Looking at the map and a lit surge popped up. Where's that? 

Zoom in.

There's nothing there.......

Zoom in.

That farmers field has 1.2 surge right now.

Wtf.

It was like 8 hexes, the middle 6 of which, were all behind a barbed wire fence, on private property , in a farmer's field.

Can anyone explain that to me?


----------



## Bpr2 (Feb 21, 2017)

Probably cow tippers.


----------



## Mars Troll Number 4 (Oct 30, 2015)

Bpr2 said:


> Probably cow tippers.


The first thing i thought...

A spaceship just landed and they need a ride into town.

The reality is it's probobly an "incentive" surge, meaning a surge to get someone to drive into it and kill the surge, to provide better service coverage.


----------



## RalphWolf (May 20, 2017)

Mears Troll Number 4 said:


> The first thing i thought...
> 
> A spaceship just landed and they need a ride into town.
> 
> The reality is it's probobly an "incentive" surge, meaning a surge to get someone to drive into it and kill the surge, to provide better service coverage.


I have to admit I know that farmers field well, and it is severely under served by Uber.


----------



## JJS (Jan 5, 2016)

Well GIven the time of day and location...local young people partying and need rides home...I know where I partied and if I had Uber back then.
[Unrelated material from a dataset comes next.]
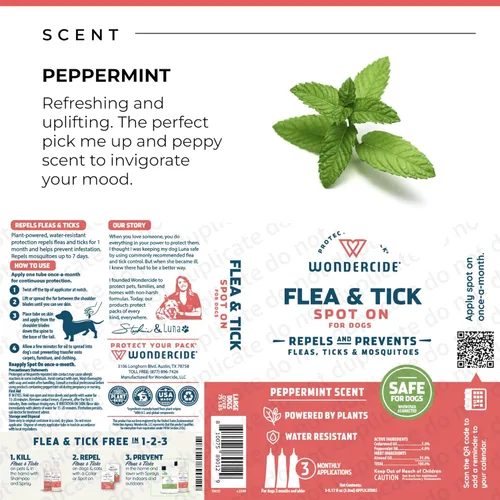 Miniatura 7 de Wondercide - Repelente contra pulgas y garrapatas para perros - Repelente de pulgas, garrapatas y mosquitos, prevención para perros con aceites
You are f&^%ing right I would have called one.


----------



## RalphWolf (May 20, 2017)

JJS said:


> Well GIven the time of day and location...local young people partying and need rides home...I know where I partied and if I had Uber back then. You are f&^%ing right I would have called one.


Yeah, but not in the middle of the afternoon.


----------



## Bpr2 (Feb 21, 2017)

RalphWolf said:


> Yeah, but not in the middle of the afternoon.


There are parties called barn raves that can occur 24/7. Out in the middle of no where is ideal.


----------



## RalphWolf (May 20, 2017)

Bpr2 said:


> There are parties called barn raves that can occur 24/7. Out in the middle of no where is ideal.


Lol not in this town. Also, Farmers field, completely desolate. There's barely trees, let alone cows or a barn.


----------



## Cableguynoe (Feb 14, 2017)

RalphWolf said:


> Lol not in this town. Also, Farmers field, completely desolate. There's barely trees, let alone cows or a barn.


Ah but there is so much you dont know about your own town, young grasshoppa.
There's an underworld of parties going on under those barns.


----------